Though the UC system does seek to promote “qualitative diversity” through alternative methods such as increasing enrollment from low-income families and families with little college experience, these efforts are far less effective at creating ethnic diversity than race-conscious admissions, according to a 2003 UCOP report about the effects of Prop. 209.
After Prop. 209 came into effect, enrollment of underrepresented groups, especially Black and Latinx students, dropped severely. At UC Berkeley, the percentage of Black and Latinx students enrolled was roughly halved when Prop 209 came into effect, and the percentage has still not recovered in the years since.
These numbers fail to reflect the diversity of California, where percentages of Black and Latinx graduating high school seniors are far higher than their UC Berkeley enrollment percentages.
“If we want a level playing field, we have to act,” state Sen. Nancy Skinner, D-Berkeley, said. “Exclusivity is really designed to keep certain segments of our communities at an economic disadvantage and thus an educational disadvantage.”
While the Obama administration’s affirmative action policies did not mandate states or schools to use affirmative action, they provided guidelines on how to legally use race as a factor in admissions, taking into account Supreme Court rulings that could allow schools to consider race as one of many factors.
The rollback of these policies also lacks the enforcement of law, but serves as the official position of the federal government and returns affirmative action policies to those of the George W. Bush administration.
The debate over race-conscious policies will continue in the U.S. Supreme Court, which is set to hear a case in which Asian American students claim that they were denied admission to Harvard University because of their race. This case, which may relitigate the use of race-conscious policies in admissions, comes in light of the retirement of Justice Anthony Kennedy, who has supported affirmative action in the past.
“The Supreme Court may or may not be influenced by what (President Donald) Trump says, but it’s a message that this administration does not support affirmative action,” Skinner said. “I would guess that we would find that whatever justice Trump ultimately appoints will not support affirmative action.”

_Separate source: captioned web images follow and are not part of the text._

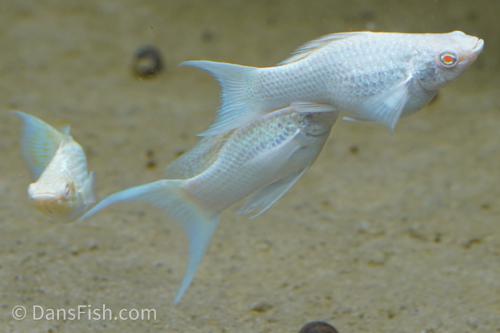 Albino Platinum Lyretail Molly, Pair (1M1F)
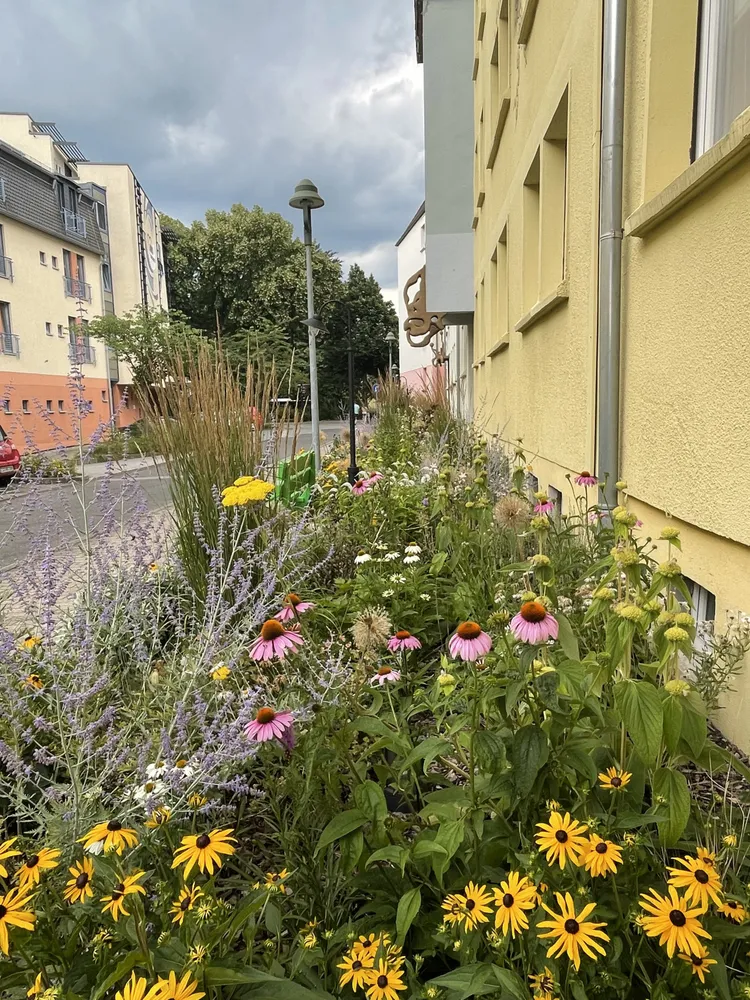 3 Zimmer Wohnung mit 58 m² in Zittau – Bild 7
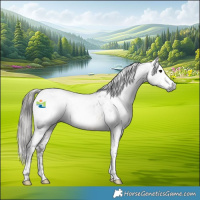 Horse Color:Gray Brown Tobiano Appaloosa 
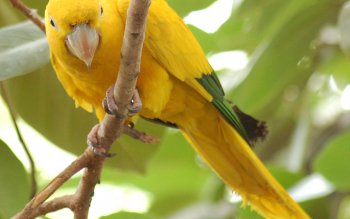 10 African Grey Parrot HD Wallpapers | Backgrounds - Wallpaper Abyss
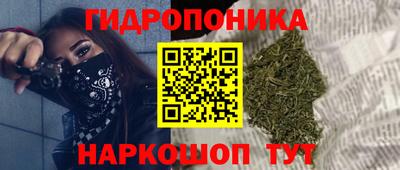 хмурый Жуковский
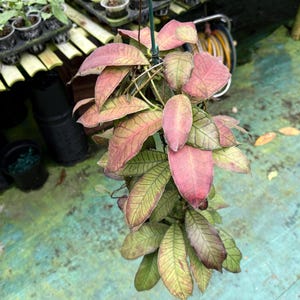 Hoya chinghungensis - Etsy 日本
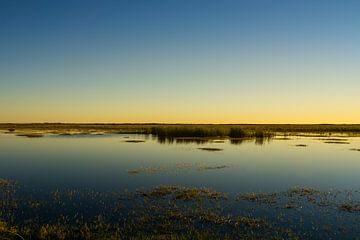 USA, Florida, Abendstimmung über dem Everglades-Nationalpark von adventure-photos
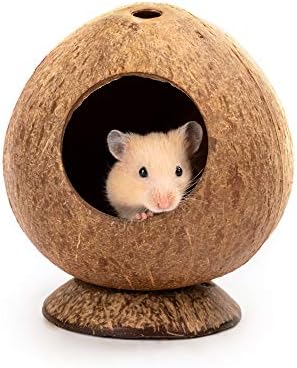 andwe Coconut Hut Hamster House Bed Natural Gerbils Hideout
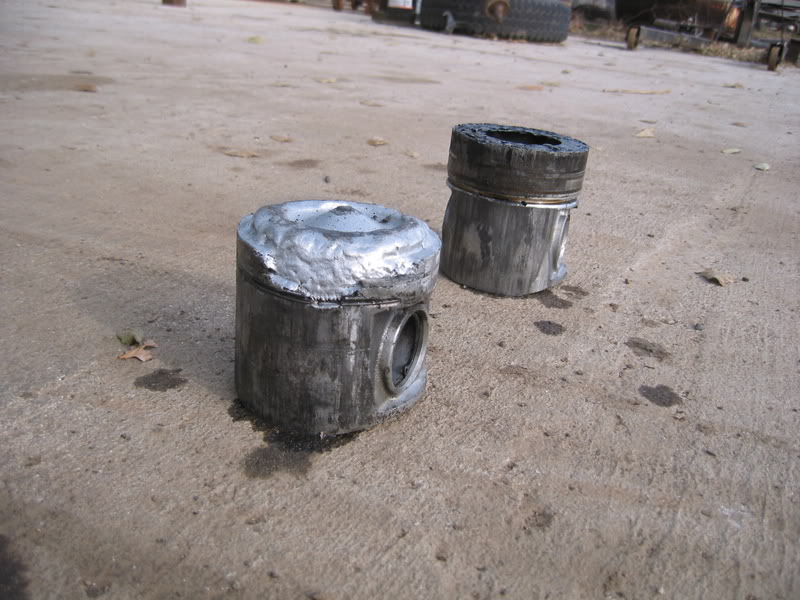 Name:  img_2517jpg.jpg
Views: 123
Size:  93.3 KB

The last related decision by the Supreme Court, Fisher v. University of Texas at Austin, involved a white woman suing the school, claiming that she was denied because of her race. UC submitted an amicus brief for the case, claiming that the UC’s race-neutral policies had led to a decrease in diversity.
“UC’s experience thus sheds light on the practical obstacles faced by universities that seek to promote diversity, while also furthering other crucial educational objectives, but are barred from any use of race as a factor in admission decisions,” read the brief.
Ultimately, the court upheld race-conscious admissions policies, with Justice Kennedy writing the decision.
New Supreme Court rulings will help decide how race can be used as a factor in admissions, according to Skinner. Regardless, Klein said in an email that the university will continue to practice race-neutral admissions as long as Prop. 209 remains in effect.
“We’ve been on the front line of fighting some of Trump’s policies. We’ve also been on the front line for setting the precedent for some of these policies,” Skinner said. “Now, we’re working to rectify many of our own problems.”